Benedetta Mazzini grew up on film sets and fashion shoots in Italy. Today, she’s in her element camping alongside the Mursi tribespeople of the Omo Valley in Ethiopia and whitewater rafting through Idaho’s Frank Church-River of No Return Wilderness. One look at the lithe, long-haired brunette and you’d easily mistake her for a model, a career she could have easily pursued. But if you examine the tattoos along her arms—Maasai tribe shields and a poem that reads, “Give me the life I love back in the bush with the stars to see”you’ll understand that her heart lies in the wild. The daughter of Mina Mazzini, arguably the most iconic Italian singer of all time, Benedetta was born into show business and in her teens fell into modeling and acting. Travel, however, was always her first love. “My next trip was always more important than my next movie or cover,” she says.
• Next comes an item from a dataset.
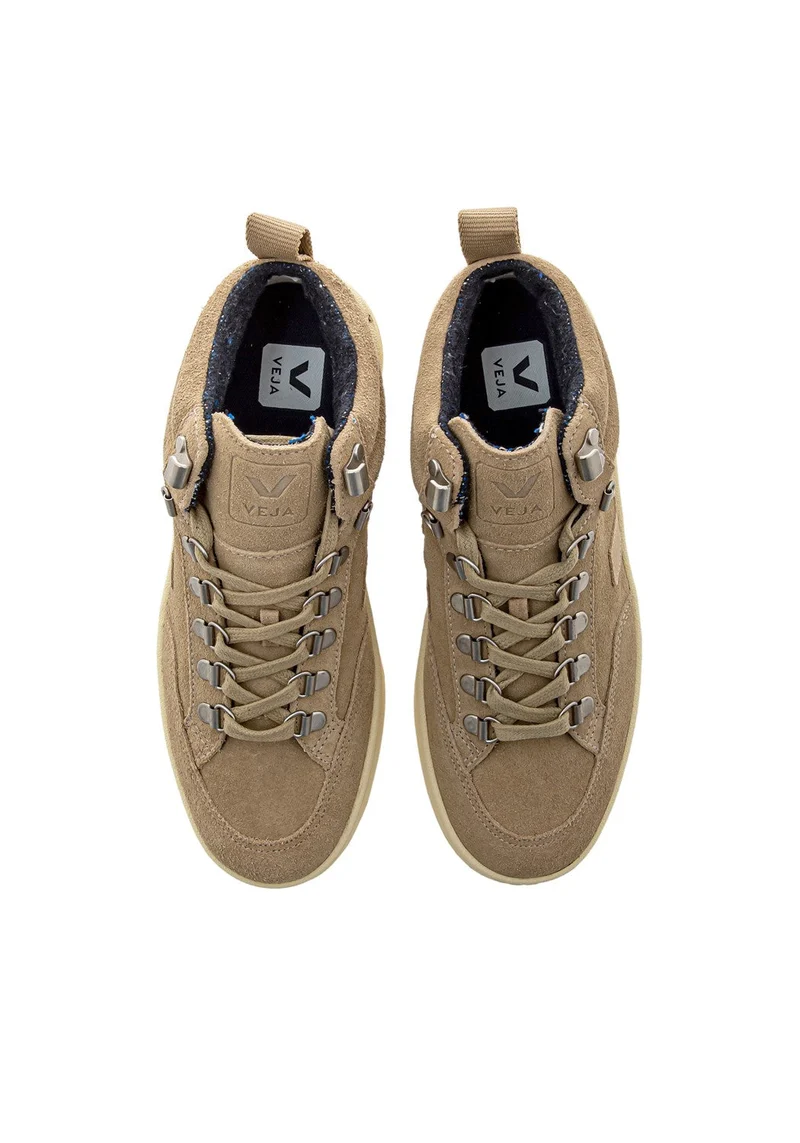 Roraima Suede dune/almond dunkel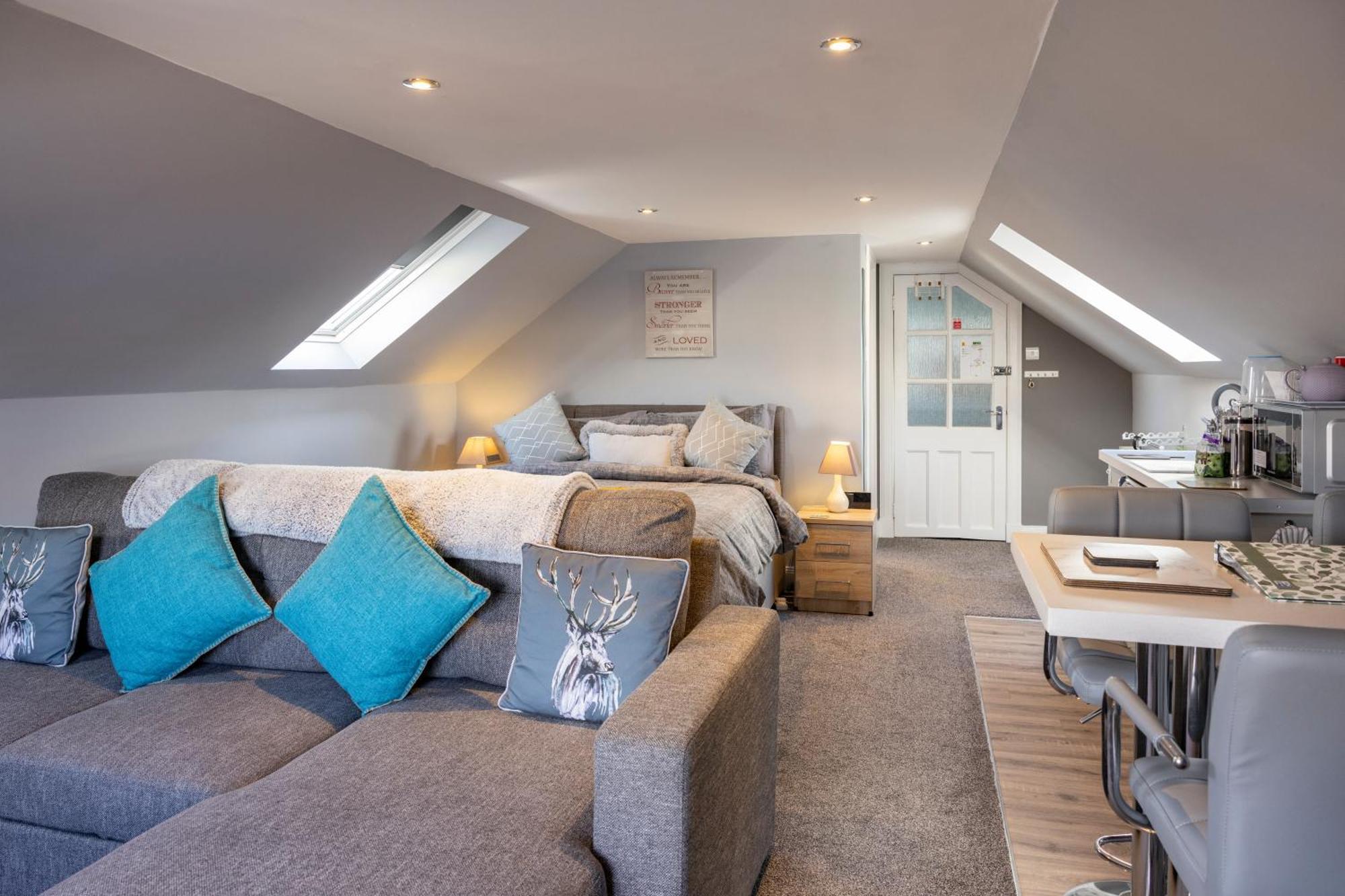 Ard Buidhe B&B Daliburgh  Bagian luar foto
Like most people, Mazzini discovered Africa as a client. “The first time I went to Africa it felt so completely new and dangerous,” she recalls. “I was infatuated. It kept drawing me back.” In 2000 she spent one month helping out at King’s Pool Camp in Botswana’s Okavango Delta. Before long, she was chatting up her safari idols, including Colin Bell, cofounder of Wilderness Safaris and the disruptive new outfitter Natural Selection, and Dereck and Beverly Joubert, National Geographic filmmakers and the founders of Great Plains Conservation.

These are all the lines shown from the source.